- Exercise directions -
Your answer should consist only of the line with "Bolero s dlouhými rukávy a úzkým střihem" and the lines after it, reproduced exactly through the end of the entries below.

Dataset Start Marker

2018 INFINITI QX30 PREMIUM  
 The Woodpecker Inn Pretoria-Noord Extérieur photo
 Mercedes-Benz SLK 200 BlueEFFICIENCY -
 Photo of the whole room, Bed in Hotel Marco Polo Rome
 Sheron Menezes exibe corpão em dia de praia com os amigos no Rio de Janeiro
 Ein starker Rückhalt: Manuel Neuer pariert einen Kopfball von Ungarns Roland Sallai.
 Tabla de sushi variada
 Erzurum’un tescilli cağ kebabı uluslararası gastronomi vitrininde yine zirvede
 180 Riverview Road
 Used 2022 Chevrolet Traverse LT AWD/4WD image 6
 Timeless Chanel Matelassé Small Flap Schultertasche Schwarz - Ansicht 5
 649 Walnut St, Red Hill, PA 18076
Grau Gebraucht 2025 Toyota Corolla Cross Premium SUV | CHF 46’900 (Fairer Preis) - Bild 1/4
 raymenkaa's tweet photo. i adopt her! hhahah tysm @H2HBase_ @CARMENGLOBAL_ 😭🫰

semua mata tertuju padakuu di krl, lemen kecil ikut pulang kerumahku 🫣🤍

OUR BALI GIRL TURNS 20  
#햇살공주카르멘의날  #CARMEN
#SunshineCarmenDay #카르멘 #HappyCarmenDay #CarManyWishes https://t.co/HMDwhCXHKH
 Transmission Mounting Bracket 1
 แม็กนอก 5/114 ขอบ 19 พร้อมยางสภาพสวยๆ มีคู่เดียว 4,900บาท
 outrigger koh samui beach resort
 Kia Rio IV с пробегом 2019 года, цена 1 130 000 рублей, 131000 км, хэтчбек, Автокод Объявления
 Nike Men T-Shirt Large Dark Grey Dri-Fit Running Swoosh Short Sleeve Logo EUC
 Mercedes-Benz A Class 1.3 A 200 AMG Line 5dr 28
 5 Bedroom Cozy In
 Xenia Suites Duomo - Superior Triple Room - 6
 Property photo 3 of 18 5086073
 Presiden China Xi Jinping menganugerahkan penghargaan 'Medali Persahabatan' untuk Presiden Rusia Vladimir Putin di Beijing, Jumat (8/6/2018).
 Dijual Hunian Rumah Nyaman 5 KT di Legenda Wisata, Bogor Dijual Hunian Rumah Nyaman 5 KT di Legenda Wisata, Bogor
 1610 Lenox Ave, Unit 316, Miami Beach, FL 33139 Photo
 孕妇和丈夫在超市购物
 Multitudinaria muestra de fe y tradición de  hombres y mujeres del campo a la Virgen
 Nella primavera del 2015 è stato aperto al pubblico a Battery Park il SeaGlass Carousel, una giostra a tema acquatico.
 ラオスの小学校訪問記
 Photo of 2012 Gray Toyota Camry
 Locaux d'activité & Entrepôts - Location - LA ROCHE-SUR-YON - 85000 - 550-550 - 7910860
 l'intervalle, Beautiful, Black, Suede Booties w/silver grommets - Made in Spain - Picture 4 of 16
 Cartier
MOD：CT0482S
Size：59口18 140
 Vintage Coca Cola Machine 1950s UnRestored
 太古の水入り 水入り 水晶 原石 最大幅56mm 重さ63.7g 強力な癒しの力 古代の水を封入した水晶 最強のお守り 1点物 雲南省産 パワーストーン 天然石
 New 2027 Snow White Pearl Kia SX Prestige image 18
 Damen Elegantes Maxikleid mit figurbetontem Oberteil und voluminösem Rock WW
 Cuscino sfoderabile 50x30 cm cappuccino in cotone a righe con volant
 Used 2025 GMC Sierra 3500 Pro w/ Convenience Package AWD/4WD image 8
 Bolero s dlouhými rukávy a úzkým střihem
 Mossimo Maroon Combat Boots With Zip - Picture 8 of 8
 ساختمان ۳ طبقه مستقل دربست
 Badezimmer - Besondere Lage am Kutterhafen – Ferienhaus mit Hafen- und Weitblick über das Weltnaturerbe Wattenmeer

Dataset End Marker

- Answer below -
 Bolero s dlouhými rukávy a úzkým střihem
 Mossimo Maroon Combat Boots With Zip - Picture 8 of 8
 ساختمان ۳ طبقه مستقل دربست
 Badezimmer - Besondere Lage am Kutterhafen – Ferienhaus mit Hafen- und Weitblick über das Weltnaturerbe Wattenmeer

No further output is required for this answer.